Good news: The Supreme Court ruled today that the police have to have a warrant to search the cell phone of someone they arrest.
Chief Justice John G. Roberts Jr., writing for the court, said the vast amount of data contained on modern cellphones must be protected from routine inspection.
The old rules, Chief Justice Roberts said, cannot be applied to “modern cellphones, which are now such a pervasive and insistent part of daily life that the proverbial visitor from Mars might conclude they were an important feature of human anatomy.”
The courts have long allowed warrantless searches in connection with arrests, saying they are justified by the need to protect police officers and to prevent the destruction of evidence.
But Chief Justice Roberts said neither justification made much sense in the context of cellphones. On the other side of the balance, he said, is the data contained on the typical cellphone. Ninety percent of Americans have them, he wrote, and they contain “a digital record of nearly every aspect of their lives — from the mundane to the intimate.”
Even the word “cellphone” is a misnomer, he said. “They could just as easily be called cameras, video players, Rolodexes, calendars, tape recorders, libraries, diaries, albums, televisions, maps or newspapers,” he wrote.
Chief Justice Roberts acknowledged that the decision would make law enforcement more difficult.
“Cellphones have become important tools in facilitating coordination and communication among members of criminal enterprises, and can provide valuable incriminating information about dangerous criminals,” he wrote. “Privacy comes at a cost.”
Bad news: The Supreme Court ruled four years ago that employers have the right to search the cell phones of their employees.
A hesitant Supreme Court waded cautiously into a question that arises daily in workplaces and offices across the country: whether employers have the right to look over the shoulders of workers who use company computers and cellphones for personal communication.
In the first ruling of its kind, the justices said they do, as long as there is a “legitimate work-related purpose” to monitor them. But the court said it would proceed cautiously in deciding how far an employer can go in searching the “electronic sphere” that has become an inescapable part of the modern workplace.
In the case at hand, the court ruled unanimously that a police chief’s search of text messages sent and received by a SWAT team officer did not violate his constitutional protection against unreasonable searches.
Even though Sgt. Jeff Quon of Ontario, Calif., had some expectation of privacy, the court said, the police department’s review — which turned up sexually explicit messages to his wife and his mistress — was justified.
But at a time when many employers warn that they can monitor workers’ use of company computers and cellphones, the court was reluctant to draw clear lines between what is private and what is not.
Quon’s case may sound familiar to many workers. Even though the department told him and his co-workers that they should not expect privacy when using their pagers, they were also told that personal use would be tolerated to a certain degree. If he exceeded the monthly allotment of texts, he was told, he would have to pay the difference.
He did go over the allowed number, but his superiors tired of collecting the fees and wondered whether the plan was too limited. The police chief ordered the records from the company that provided the texting service.

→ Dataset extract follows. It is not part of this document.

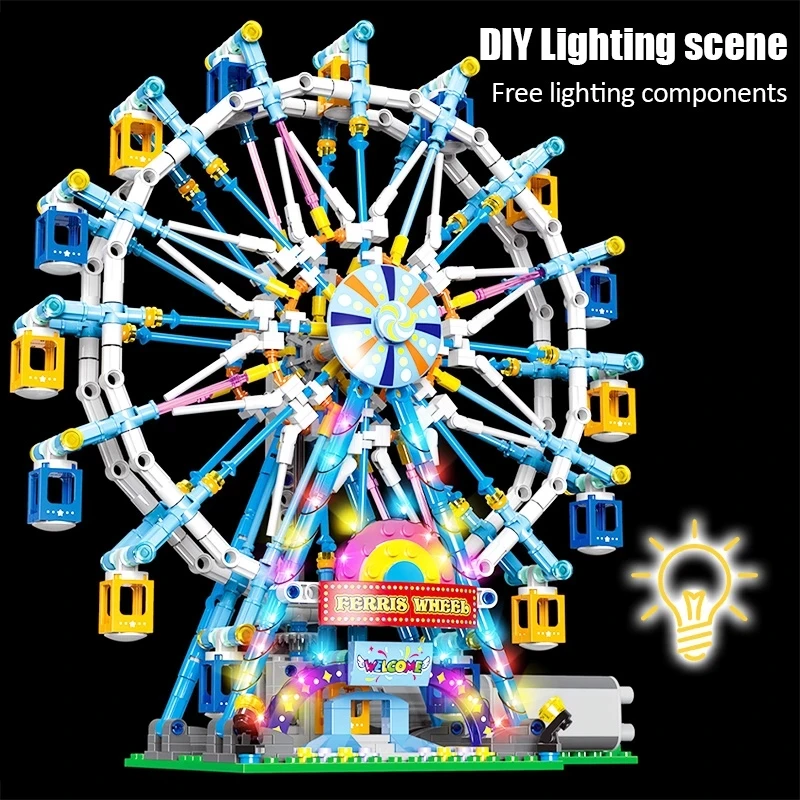 City Friends Rotating Ferris Wheel Building Blocks MOC Electric Bricks With Light Toys For Children Birthday Christmas Gifts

After removing the texts Quon sent when he was off-duty, his bosses found that the vast majority of his texts were personal — 400 of 456 one month. According to Kennedy’s opinion, he was “allegedly disciplined.”

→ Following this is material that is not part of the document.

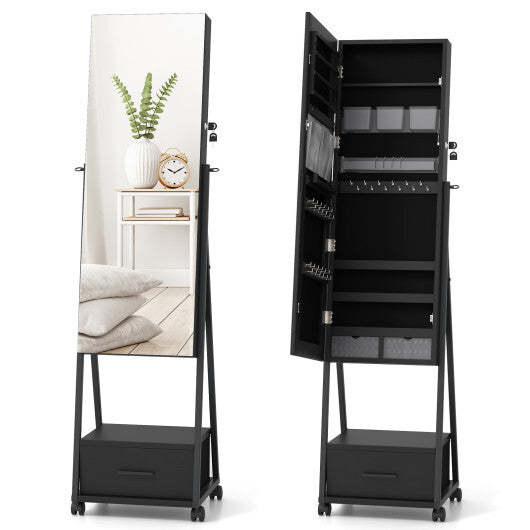 Jewelry Cabinet with Full-Length Mirror – Black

Quon sued, saying the search violated the Fourth Amendment protections against unreasonable searches for him and those who texted him.
A district judge and the U.S. Court of Appeals for the 9th Circuit agreed with him.
But the justices said Quon should not have assumed that his text messages “were in all circumstances immune from scrutiny.” Kennedy said the department’s search was reasonable and, by eliminating those messages he sent while off-duty, not intrusive.
To my knowledge, the Court has not yet ruled on cases where the communication device in question was the employee’s personal property. That said, the fact that the pager in Quon’s case belonged to the employer does not seem to have been the operative issue; more important was, given the employer’s policies, the employee’s expectation of privacy. And since many employers make it explicit that employees should have little to no expectation of privacy on their communication devices at work, I’m not sure a case in which the phone belonged to the employee would make much of a difference.
So here is how things stand: when it comes to cell phone use, you have more protection against government searches than you do against employer searches. As an employer, the police have far more freedom to search cell phones than they do as an agency of the government.
Update (10 pm)
I should have noted this earlier, but it should also be emphasized that in the second case, the employer is the government. That the Court is even as solicitous of an employee’s privacy rights in that case as it is is probably due mostly to the fact that the employer in this case is the government. If the employer were private, there would be a much lower guarantee of employee privacy.
I should also note that in the Quon case, part of the employee’s expectation of privacy had to do with the fact that the pager belonged to the police. But the Court was careful to note that it did not want to make hard and fast rules about under what circumstances an employee could have a legitimate expectation of privacy.